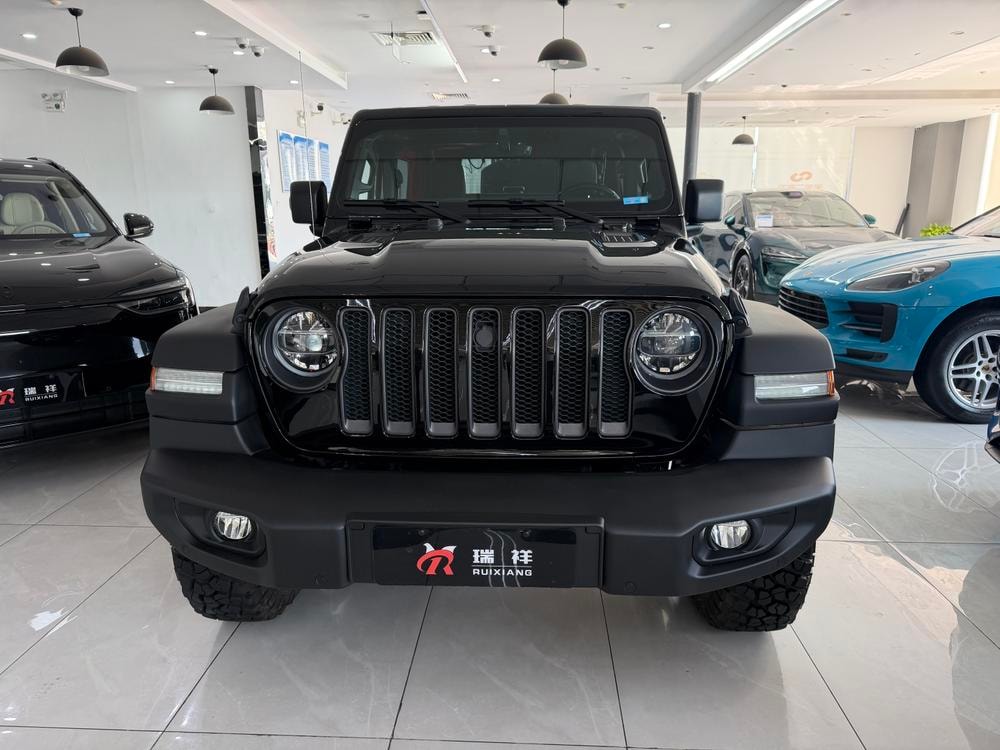 Jeep Wrangler 2021 — фото автомобиля 1
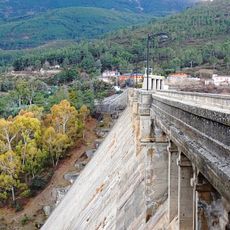 El Burguillo dam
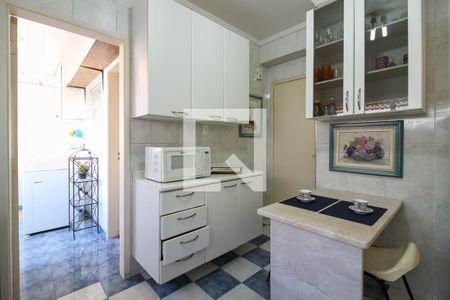 Apartamento para alugar com 90m², 2 quartos e 1 vaga Apartamento para alugar com 90m², 2 quartos e 1 vagaCozinha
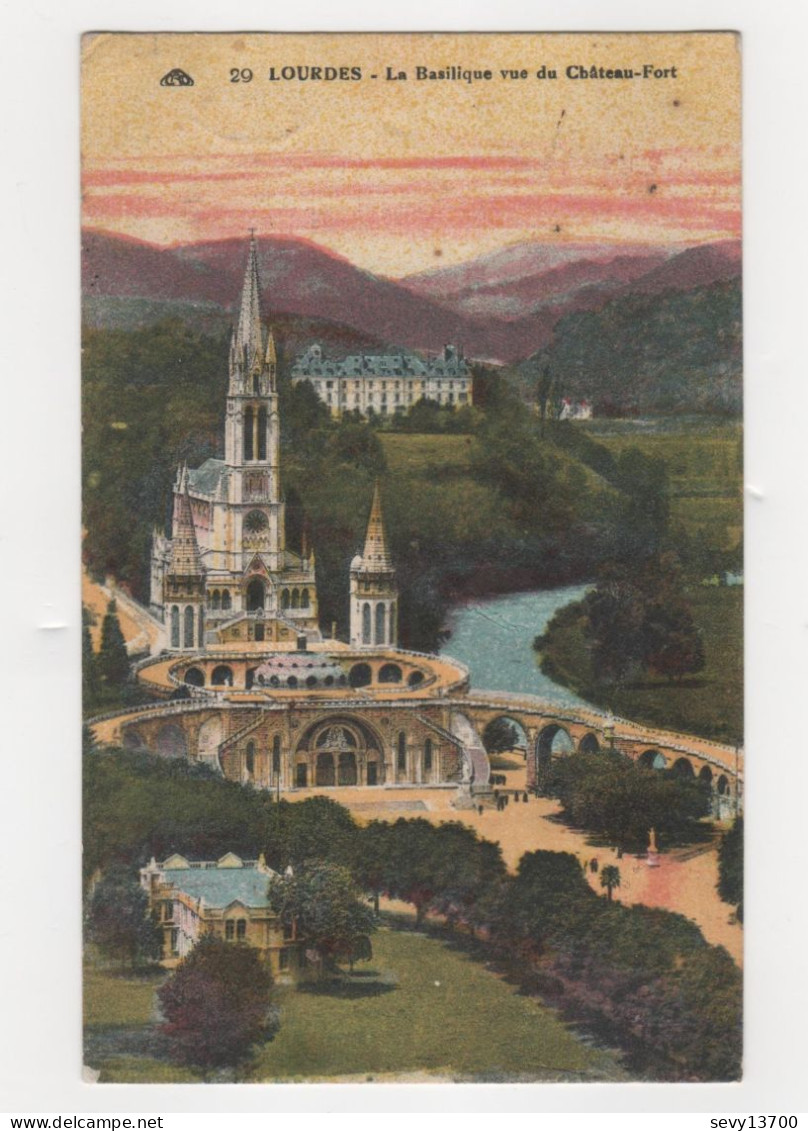 CPA Lourdes La Basilique Vue Du Château Fort Carte Colorisée Oblitérée 4 IX 16 - Lourdes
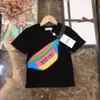 2021SS Cotton T Shirt Kid Summer Boys Projektanci Ubrania Dzieci Casual Okoła okrągła szyja Krótkie rękawy Kolor Pocket Druk Baby Clot4325466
================
**Work request:** Pictures aside, reproduce all of the material above without alteration.

**Written answer:**
 Jeep Wrangler 2021 — фото автомобиля 1
 El Burguillo dam
 Apartamento para alugar com 90m², 2 quartos e 1 vaga Apartamento para alugar com 90m², 2 quartos e 1 vagaCozinha
 CPA Lourdes La Basilique Vue Du Château Fort Carte Colorisée Oblitérée 4 IX 16 - Lourdes
 2021SS Cotton T Shirt Kid Summer Boys Projektanci Ubrania Dzieci Casual Okoła okrągła szyja Krótkie rękawy Kolor Pocket Druk Baby Clot4325466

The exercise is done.